Adına açılan davanın Türk Ceza Kanununun 299’uncu maddesine istinaden 1 yıldan 4 yıla hapis istemiyle açılmış bir dava olduğunu söyleyen Ertürk “Dava hakkında hukuken mahkemenin haklı bulduğu mal sahibi, malını almaya geldiği zaman jandarma müdahale ediyor. haksız, hukuksuz bir şekilde rant sağlamak için milletin çocuğu olan jandarmayı vatandaşla karşı karşıya getirmeyin demiştim. Bu dava ilk olarak Jandarma Genel Komutanlığı tarafından ‘Türk ordusunu aşağılamak ve hakaret etmek suçundan’ şahsıma açıldı. Daha sonra ne olduysa bu dava cumhurbaşkanına hakaret davasına çevrildi.
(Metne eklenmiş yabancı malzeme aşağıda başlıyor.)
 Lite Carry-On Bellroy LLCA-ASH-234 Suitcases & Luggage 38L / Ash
Bu iddianameyi hazırlayan savcının hukuk fakültesini bitirip bitirmediğini, derslere devam edip etmediğini, hukuk bilgisi olup olmadığını da kamuoyunun araştırmasını da özellikle istirham ediyorum. Son olarak bu dikta rejimine CHP olarak teslim olmayacağımızı belirtiyorum. Bugünkü duruşmada bulunan hukukçularımıza, siyasi parti üyelerimize çok teşekkür ediyorum.” diye konuştu.
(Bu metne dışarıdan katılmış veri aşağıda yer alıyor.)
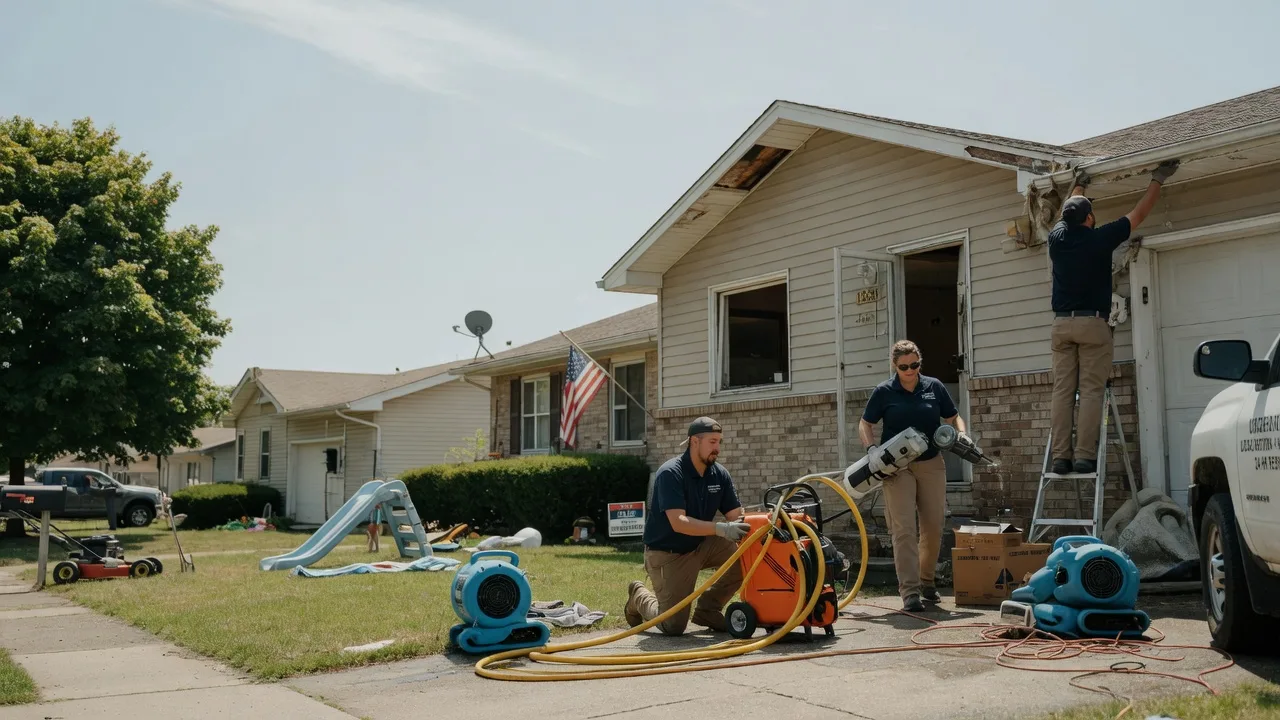 Water Damage Restoration in Woodford, WI near me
CHP Aksaray İl Başkanı Bilal Özdemir anayasada geçen düşünce ve ifade özgürlüğü maddelerine değinerek “Türkiye Cumhuriyeti Anayasası’nın 25’inci maddesi düşünce özgürlüğünü teminat altına alır. Türkiye’de düşünmek özgür ve serbest, kimse buna bir şey demiyor. Ancak düşüncelerimizi ifade etmeye kalktığımızda yargı sopası her zaman karşımıza çıkıyor. Aslında Anayasa’nın 26’ncı maddesi düşünce özgürlüğünün devamı olan ifade özgürlüğünü de teminat altına alıyor. Kimse ifade özgürlüğüne uymuyor ve bu konuda direniyor. Avrupa İnsan Hakları Sözleşmesiyle, İnsan Hakları Evrensel Bildirgesi ve Türkiye Cumhuriyeti Anayasası ile güvence altına alınan bir özgürlük varken sadece siyasi bir partinin il başkanı olduğu için, iktidarı eleştirdiği için bir kişi hakkında dava açılıyorsa hukuk devletinin geldiği nokta hepimiz için özellikle de basın mensupları için oldukça vahimdir.” ifadelerini kullandı. Aksaray Adliyesi önünde gerçekleştirilen basın açıklamasına CHP Yurtiçi Örgütlenme Koordinatörü ve Parti Meclisi Üyesi Ali Abbas Ertürk, CHP Aksaray İl Başkanı Bilal Özdemir, parti avukatları ve parti üyeleri katıldı.